(Data under study)

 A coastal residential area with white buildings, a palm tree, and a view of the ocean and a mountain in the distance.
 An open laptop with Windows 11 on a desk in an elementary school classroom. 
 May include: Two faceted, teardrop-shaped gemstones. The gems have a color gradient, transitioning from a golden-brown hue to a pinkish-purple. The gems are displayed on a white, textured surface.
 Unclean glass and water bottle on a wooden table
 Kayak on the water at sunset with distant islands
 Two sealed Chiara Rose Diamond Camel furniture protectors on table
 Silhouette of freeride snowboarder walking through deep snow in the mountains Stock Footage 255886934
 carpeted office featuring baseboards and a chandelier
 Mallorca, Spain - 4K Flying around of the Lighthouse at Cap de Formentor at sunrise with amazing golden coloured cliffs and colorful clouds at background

(End Data under study)
(Data under study)

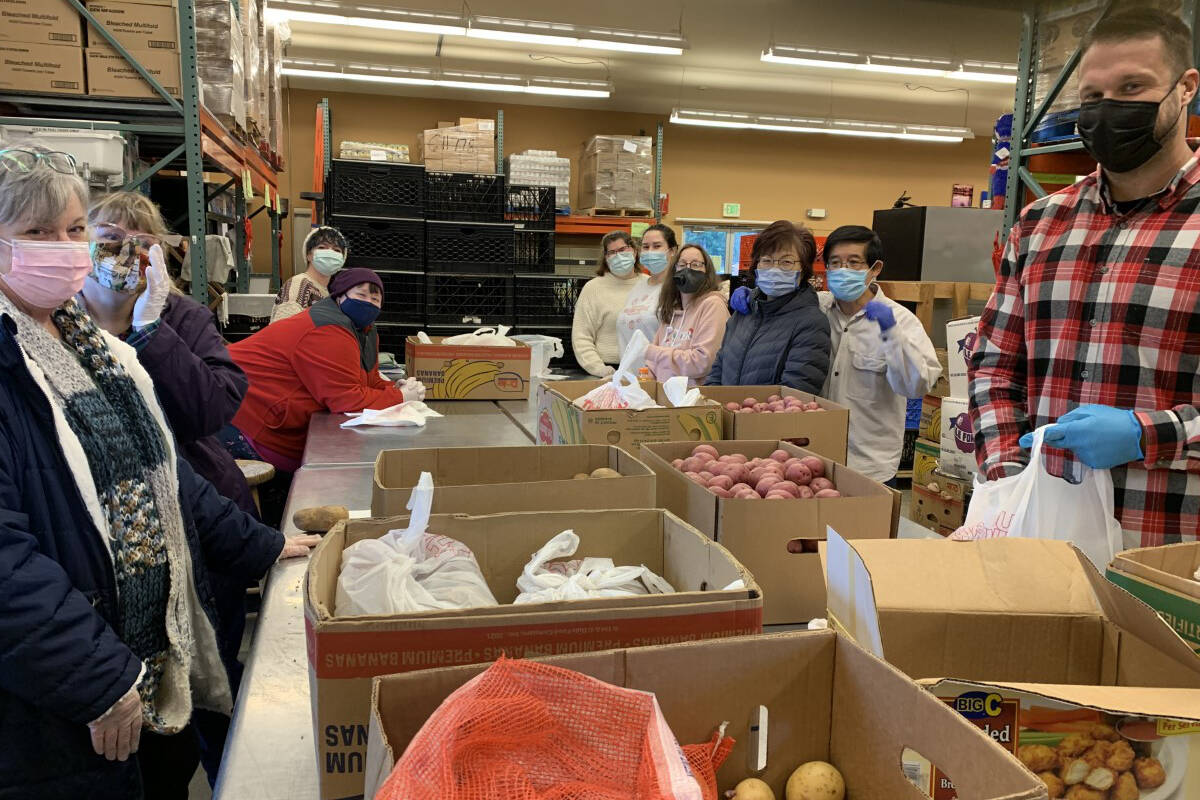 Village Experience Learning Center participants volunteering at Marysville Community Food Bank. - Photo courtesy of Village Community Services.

(End Data under study)

What you should do >>
In the records above, how many lines hold the string "water"? Reply with only the number.

Result >>
2